Bethune scaled the whaling fleet’s security ship the Shonan Maru II from a jet ski before dawn on Feb. 15, allegedly carrying a knife, which was used to cut a guard net as he boarded the ship.
Bethune was also captain of the Sea Shepherd’s powerboat the Ady Gil, which was sliced in two in a collision with the Shonan Maru II in January, when the group was harassing the Japanese whaling fleet.
Bethune had said he planned to make a citizen’s arrest of the ship’s captain Hiroyuki Komiya for what he said was the attempted murder of his six crew, and to present him with the bill for the futuristic trimaran.

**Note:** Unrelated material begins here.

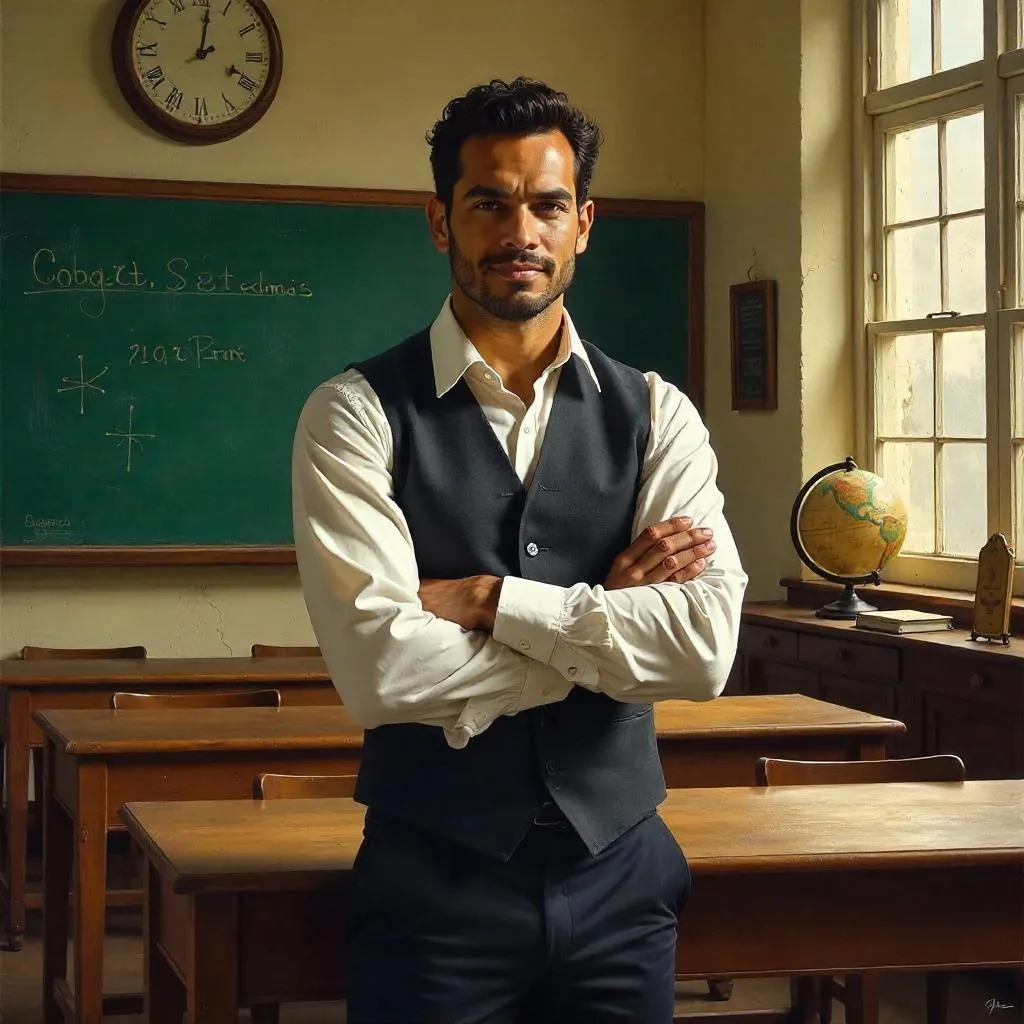 Confident Latino Mentor in an Old-Classroom Oil Painting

Instead he was detained, taken to Japan and formally arrested on March 12.
Prosecutors allege he injured a Japanese whaler by hurling a bottle of butyric acid which smashed aboard the Shonan Maru II on Feb. 12. The Sea Shepherds describe the projectiles as rancid butter stink bombs.
If found guilty of inflicting bodily harm, he could face up to 15 years in prison, while trespass can carry a three-year jail term.
The Sea Shepherds, who have urged Australian Federal Police to prosecute the captain and crew of the Shonan Maru II over the collision which led to the sinking of the Ady Gil, described Bethune as a “political prisoner.”
“These charges are bogus, and Sea Shepherd Conservation Society questions the credibility of the entire Japanese judicial system for entertaining such absurdities,” the group’s Australian director Jeff Hansen said.
The new charges were “a further slap in the face to the international community and proof that Japan will continue to do what it wants regardless of international law or public opinion,” he said in a statement.
“Illegal whaling operations in the Southern Ocean Whale Sanctuary and the detention of a political prisoner: These things clearly reflect the blatant abuse of and political corruption within Japan’s domestic judicial system,” he said.
The leader of the Australian Greens, Senator Bob Brown, called for the Japanese whalers to face charges for endangering lives.
“It is absolutely unjust that Captain Pete Bethune is facing up to 15 years in prison in Japan,” he said.
This is the latest chapter in the battle between environmentalists and Japanese whalers, who use a loophole in a 1986 international moratorium on whaling to hunt whales in the name of “scientific research.” Japan maintains that whaling has been part of its culture for centuries, and does not hide the fact that the whale meat ends up in shops and restaurants.
Australia has threatened to take Tokyo to the International Court of Justice unless it ceases its annual whale hunts in Antarctica by November.
Canberra this week also expressed alarm at growing support for a plan to allow limited commercial whaling, saying it could not accept the proposal before the International Whaling Commission.